Title: Musicological Omnivory in the Neoliberal University
Description:
This essay attributes the rise of inclusive values in recent musicological work to multicultural and neoliberal reforms in American universities.
Musicological inclusivity is characterized through omnivore theory, a sociological theory of taste correlating educational attainment with a disposition for multicultural appreciation and a rejection of highbrow modes of exclusion.
Analyzing discursive values using a corpus of 120 books published between 2010 and 2013, this essay elucidates three foundational values to musicology’s inclusiveness: an interest in studying diverse music; a predilection for inter- or transdisciplinary methodologies; and the rejection of musicology itself as outdated and hegemonic.
The first two of these, derived from the multicultural turn in the humanities, offer fruitful ways for musicologists to interact with the diverse cultural and technological environs of contemporary academia.

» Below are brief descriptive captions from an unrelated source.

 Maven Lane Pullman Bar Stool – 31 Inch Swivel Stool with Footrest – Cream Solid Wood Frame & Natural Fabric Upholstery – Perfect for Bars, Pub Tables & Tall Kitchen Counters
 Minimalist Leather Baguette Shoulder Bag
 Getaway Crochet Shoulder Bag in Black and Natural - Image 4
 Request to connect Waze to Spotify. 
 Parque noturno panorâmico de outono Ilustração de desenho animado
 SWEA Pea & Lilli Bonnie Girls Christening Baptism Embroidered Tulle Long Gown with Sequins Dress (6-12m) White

The third, however, reaffirms the neoliberal devaluation of organizations and specializations, casting musicology as a straw man that bears scant resemblance to the intellectual work currently undertaken within the discipline.
In order to contest the neoliberal values that threaten the discipline’s institutional foundations, this essay contends that scholars should reframe musicology as an inclusive, democratic, and specialized intellectual community, a characterization that reflects recent scholarship more accurately than highbrow stereotypes.